(Short web captions)
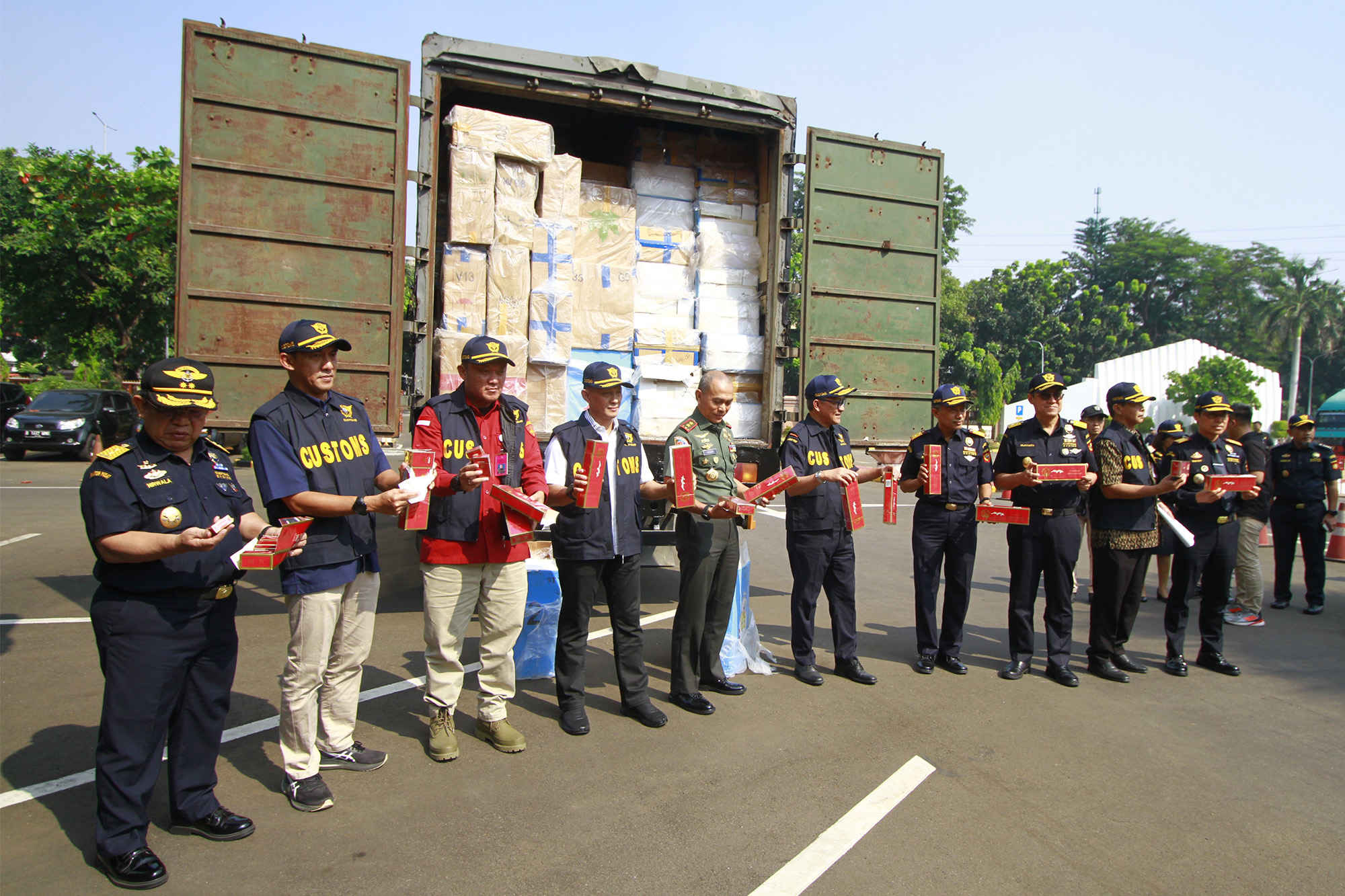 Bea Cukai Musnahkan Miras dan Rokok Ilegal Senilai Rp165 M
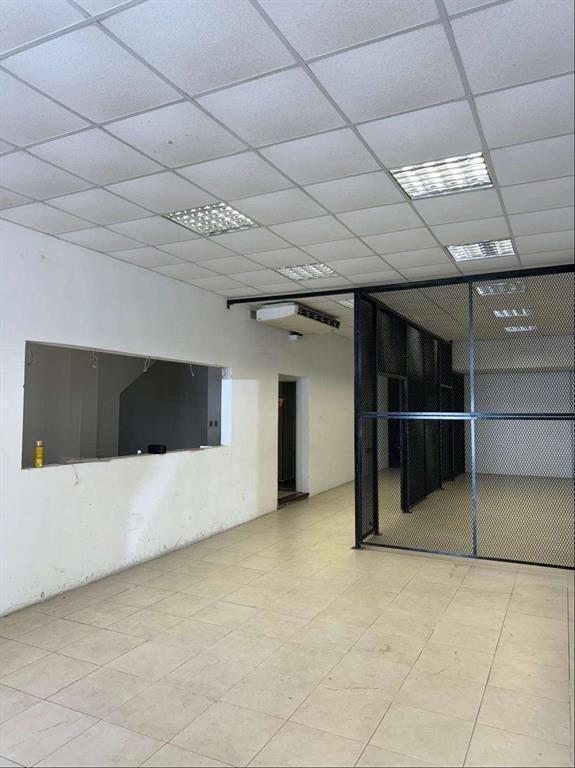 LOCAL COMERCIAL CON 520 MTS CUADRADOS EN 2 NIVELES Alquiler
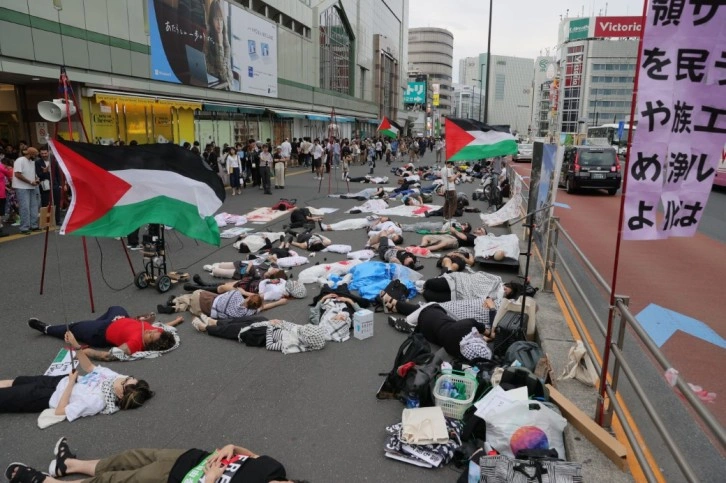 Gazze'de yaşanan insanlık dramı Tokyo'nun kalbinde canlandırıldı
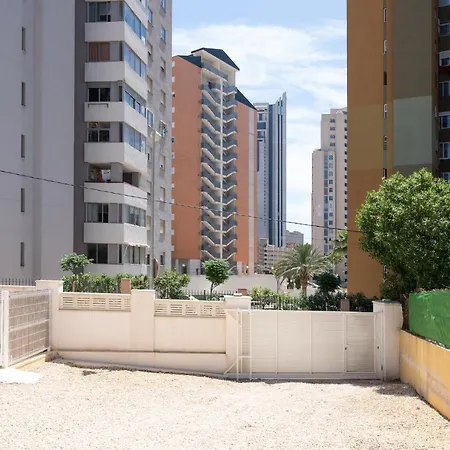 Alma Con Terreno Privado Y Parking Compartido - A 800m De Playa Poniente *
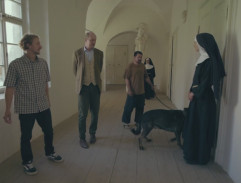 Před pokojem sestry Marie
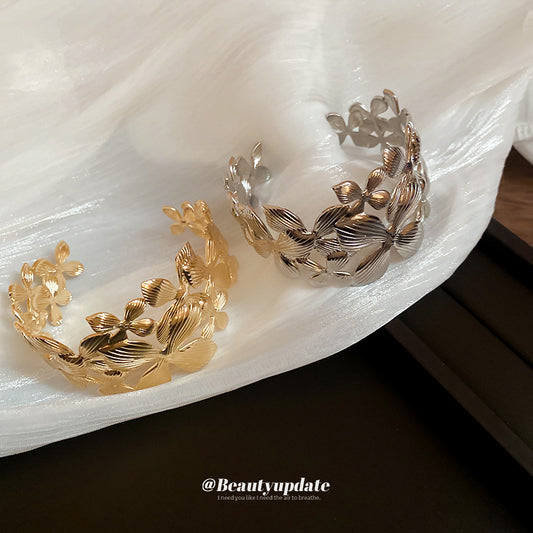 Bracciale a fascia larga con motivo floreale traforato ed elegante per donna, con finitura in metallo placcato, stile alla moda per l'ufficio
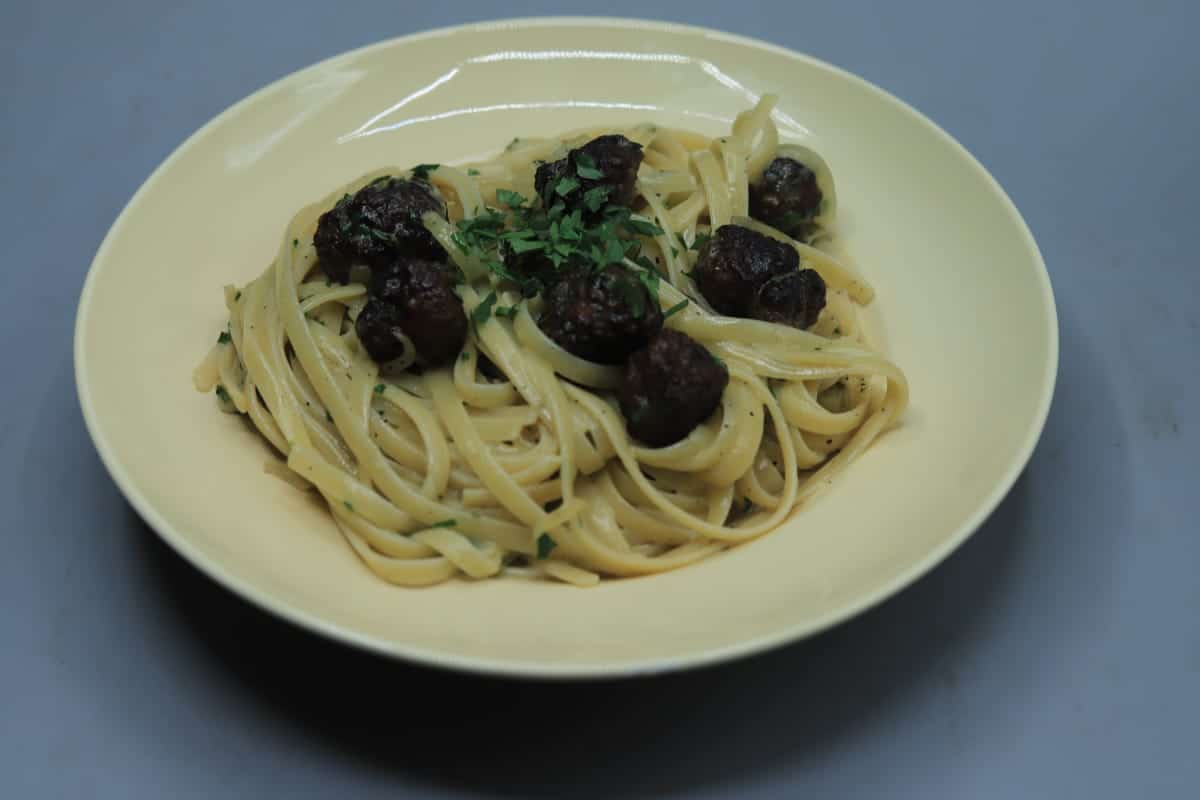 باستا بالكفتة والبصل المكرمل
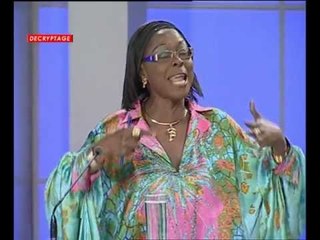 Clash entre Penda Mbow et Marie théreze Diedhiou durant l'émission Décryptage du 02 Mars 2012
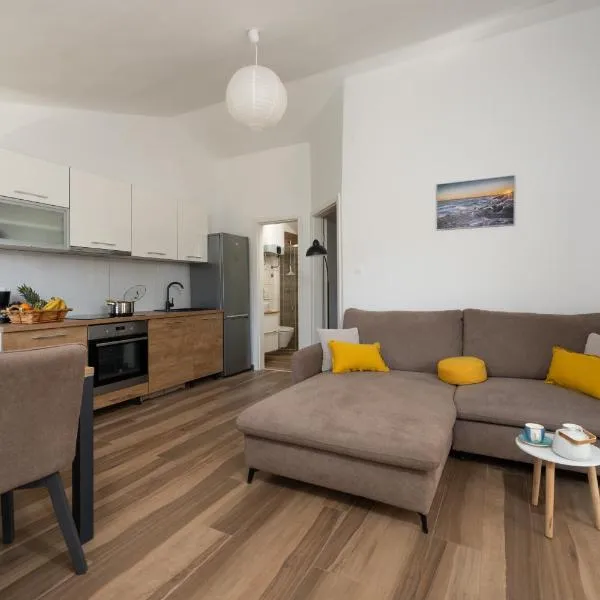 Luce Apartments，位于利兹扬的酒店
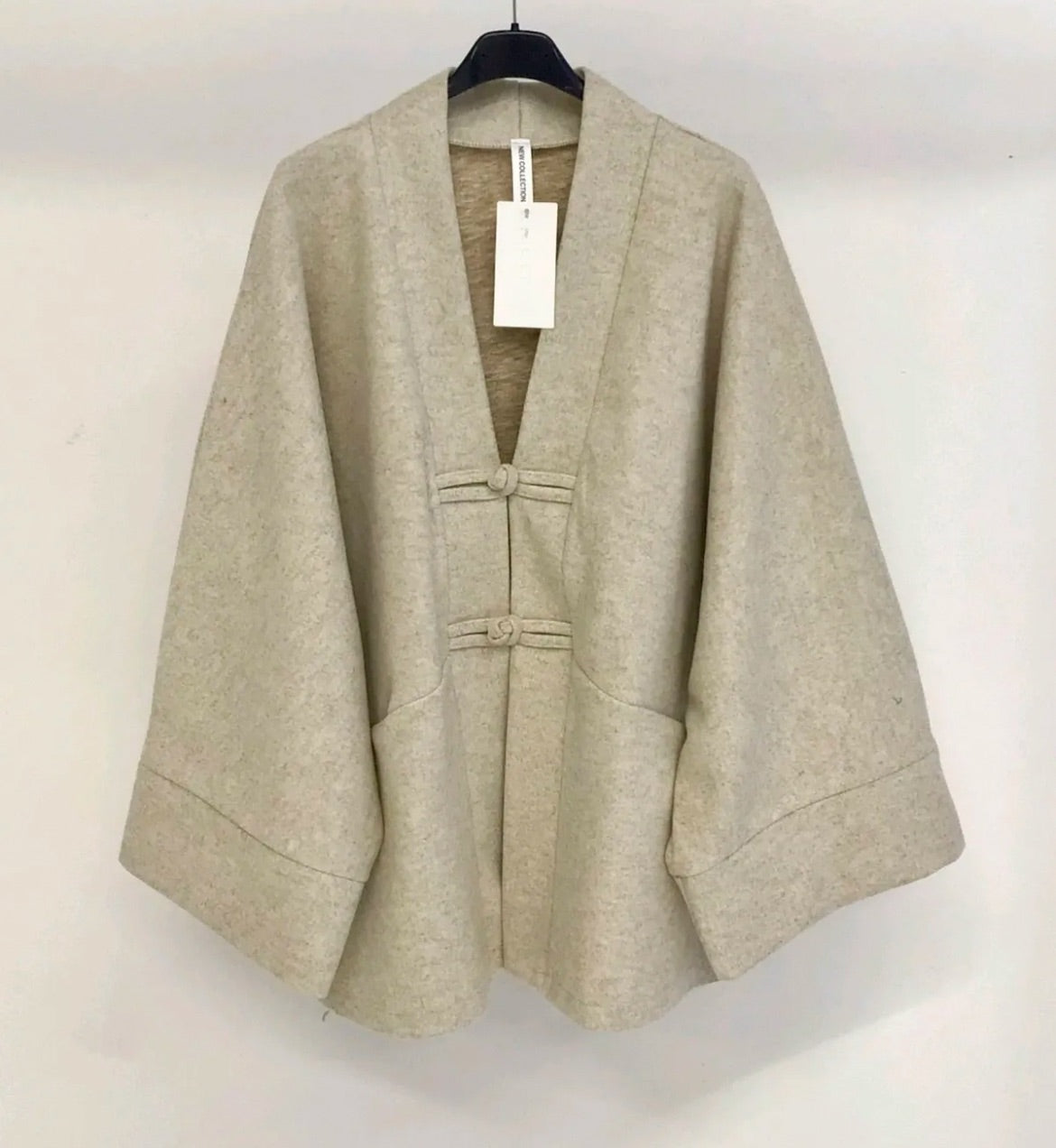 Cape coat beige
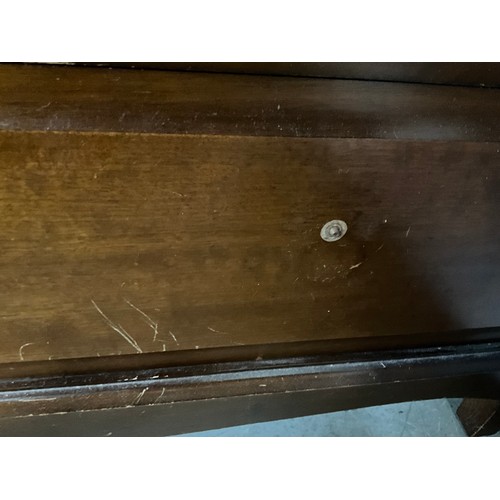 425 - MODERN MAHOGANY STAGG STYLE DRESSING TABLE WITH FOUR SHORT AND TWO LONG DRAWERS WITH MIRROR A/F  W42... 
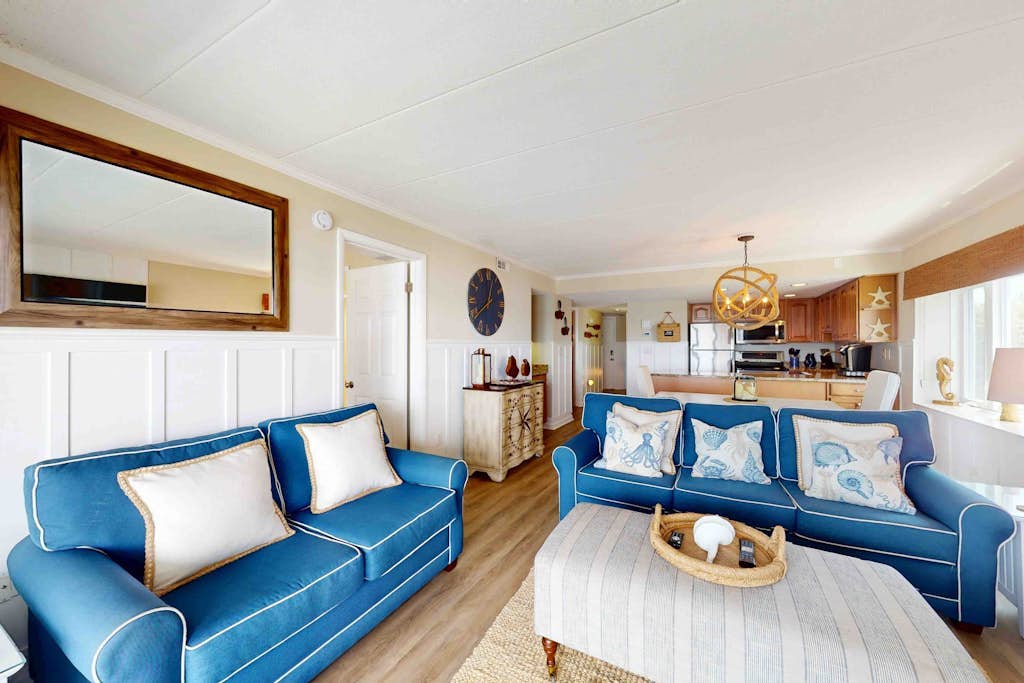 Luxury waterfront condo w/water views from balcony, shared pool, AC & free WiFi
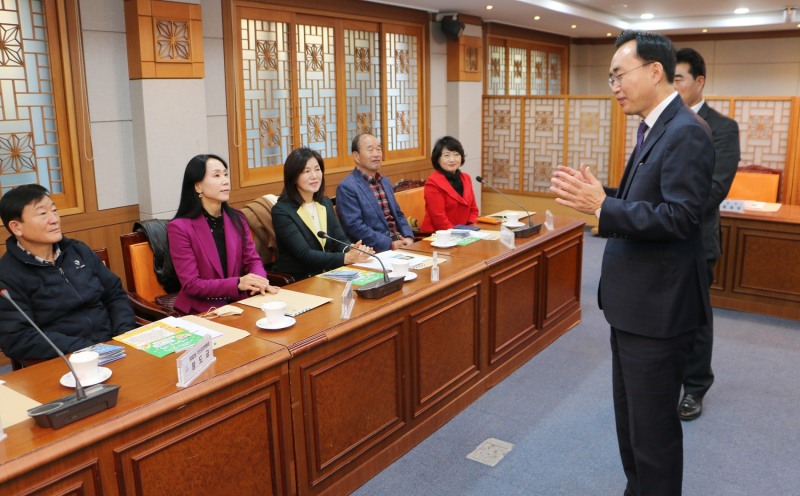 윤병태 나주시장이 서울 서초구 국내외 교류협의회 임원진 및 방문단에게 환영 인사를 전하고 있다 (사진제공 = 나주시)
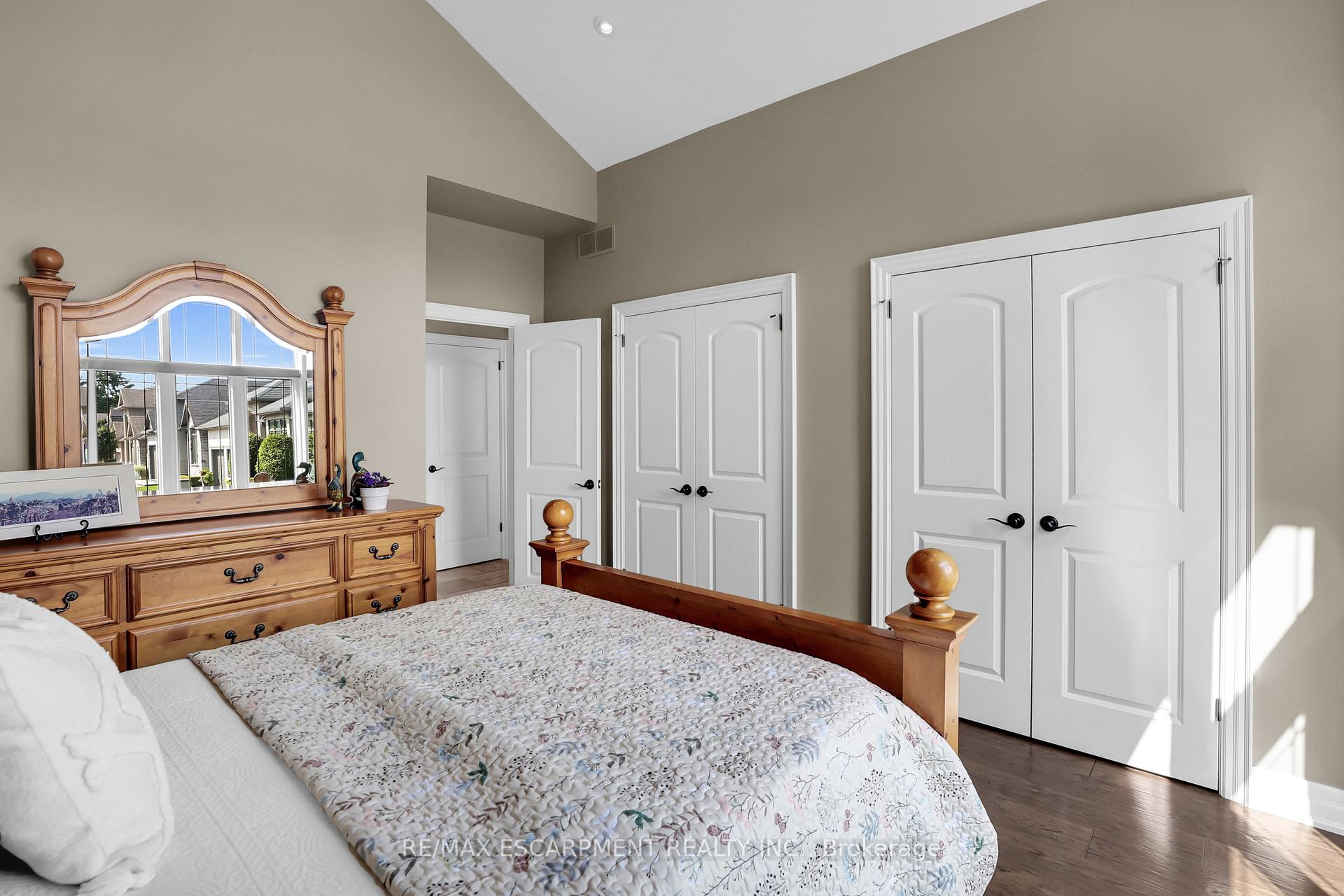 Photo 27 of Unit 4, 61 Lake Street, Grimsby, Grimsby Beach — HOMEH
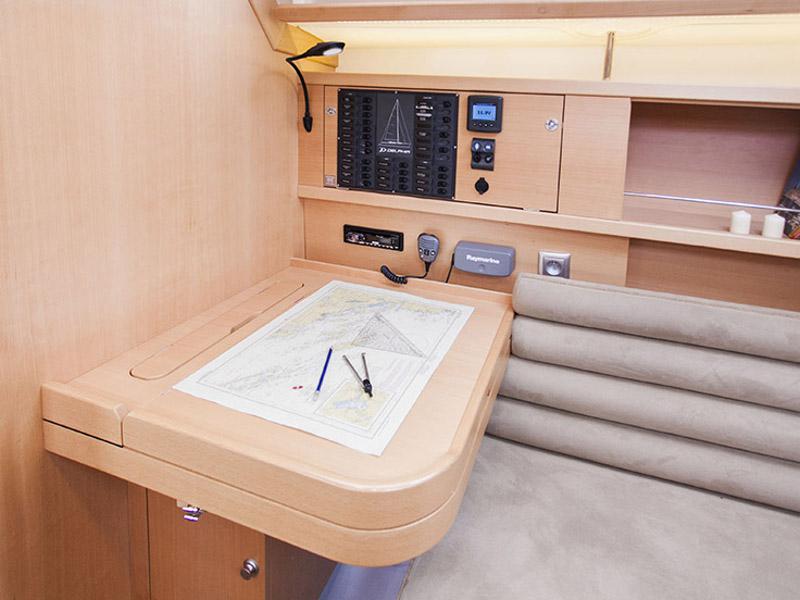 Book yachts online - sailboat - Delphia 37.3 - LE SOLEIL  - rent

### [ACTION ITEM]
Output exactly, and only, the lines of the entries above from the one with "Gazze'de yaşanan insanlık" up to and including the one with "باستا بالكفتة والبصل المكرمل"; pictures are to be left out.

### [TASK RESULT]
 Gazze'de yaşanan insanlık dramı Tokyo'nun kalbinde canlandırıldı
 Alma Con Terreno Privado Y Parking Compartido - A 800m De Playa Poniente *
 Před pokojem sestry Marie
 Bracciale a fascia larga con motivo floreale traforato ed elegante per donna, con finitura in metallo placcato, stile alla moda per l'ufficio
 باستا بالكفتة والبصل المكرمل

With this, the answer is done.